Question

Need help determining the mass of Fe and percent Yield.

Answer 1

Limiting reactant = Fe2O3.

Theoretical yield of Fe = 7.03 g.

Percent yield of Fe = 97.4 %.

Step-by-step explanation:

What is given?

Mass of Fe2O3 = 10.1 g.

Mass of CO = 13.7 g.

Molar mass of Fe2O3 = 160 g/mol.

Molar mass of CO = 28 g/mol.

Molar mass of Fe = 55.8 g/mol.

Actual experimental yield of Fe = 6.85 g.

Step-by-step solution:

To find what is the limiting reactant, we have to find the number of moles of each reactant using its respective molar mass. The conversion of 10.1 g Fe2O3 to moles is:

`10.1\text{ g Fe}_2O_3\cdot\frac{1\text{ mol Fe}_2O_3}{160\text{ g Fe}_2O_3}=0.0631\text{ moles Fe}_2O_3.`

And for 13.7 g of CO:

`13.7\text{ g CO}\cdot\frac{1\text{ mol CO}}{28\text{ g CO}}=0.489\text{ moles CO.}`

Now, let's see how many moles of Fe are being produced by each reactant. You can see in the chemical equation that 1 mol of Fe2O3 reacted produces 2 moles of Fe:

`0.0631\text{ moles Fe}_2O_3\cdot\frac{2\text{ moles Fe}}{1\text{ moles Fe}_2O3}=0.126\text{ moles Fe.}`

And you can see that 3 moles of CO reacted produces 2 moles of Fe:

`0.489\text{ moles CO}\cdot\frac{2\text{ moles Fe}}{3\text{ moles CO}}=0.326\text{ moles Fe.}`

You can realize that the limiting reactant, in this case, would be Fe2O3 because this reactant is consumed first and impose the limit on the production of Fe.
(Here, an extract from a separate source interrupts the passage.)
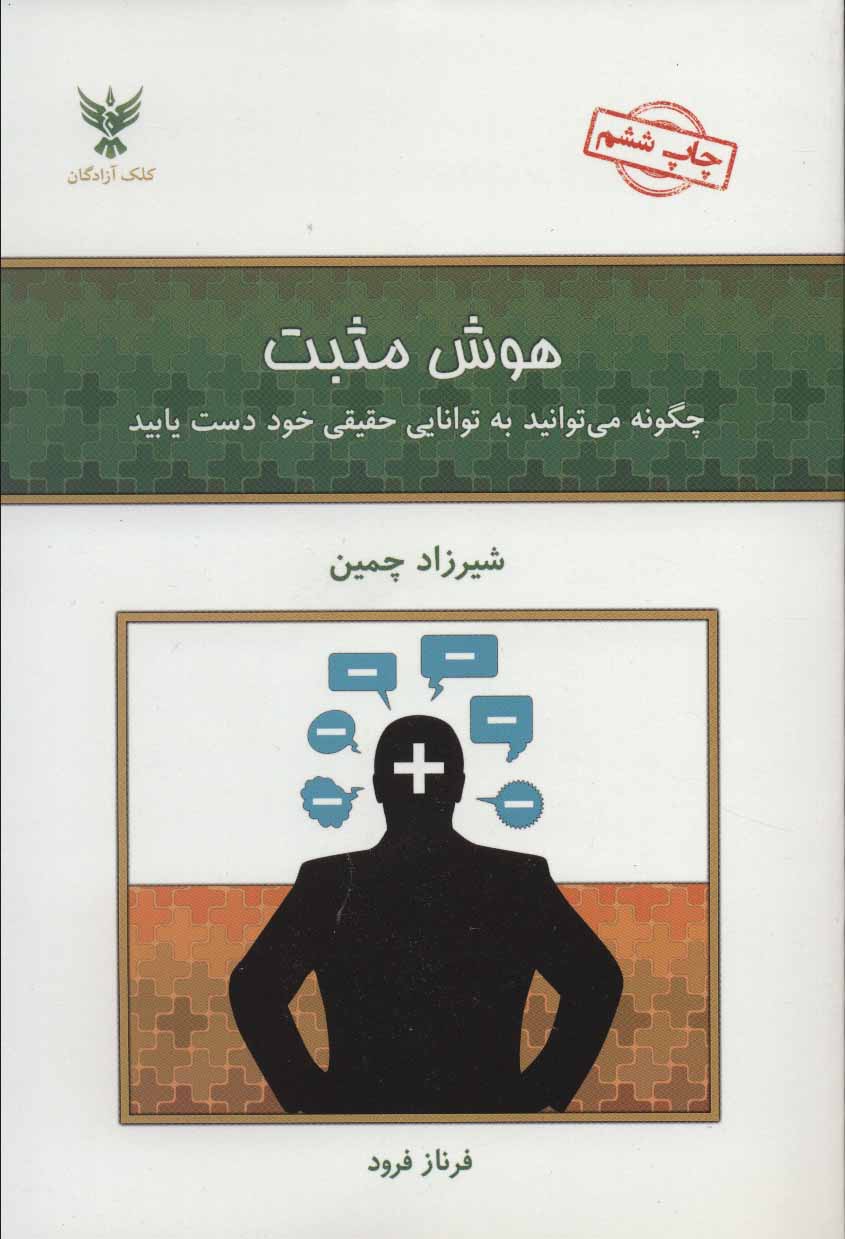 هوش مثبت (چگونه می توانید به توانایی حقیقی خود دست یابید)،(شمیز،رقعی،کلک آزادگان)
Now, that we know this, we have 0.126 moles of Fe, so let's find its mass using its molar mass. This would be the theoretical yield of Fe:

`0.12\text{6 moles Fe}\cdot\frac{55.8\text{ g Fe}}{1\text{ mol Fe}}=7.03\text{ g Fe.}`

The theoretical yield of Fe is 7.03 g.

Finally, if the actual experiment yield gives us a mass of 6.85 g of Fe, and we ant to find the percent yield, we use the following formula:

`Percent\text{ yield=}\frac{actual\text{ yield}}{theoretica\text{l yield}}\cdot100\%.`

We've already known that our theoretical yield is 7.03 g and the actual yield is 6.85 g, so replacing these values in the formula we obtain:

`\text{Percent yield=}\frac{6.85g}{7.03\text{ g}}\cdot100\%=97.439\%\approx97.4\%.`

The percent yield would be 97.4 %.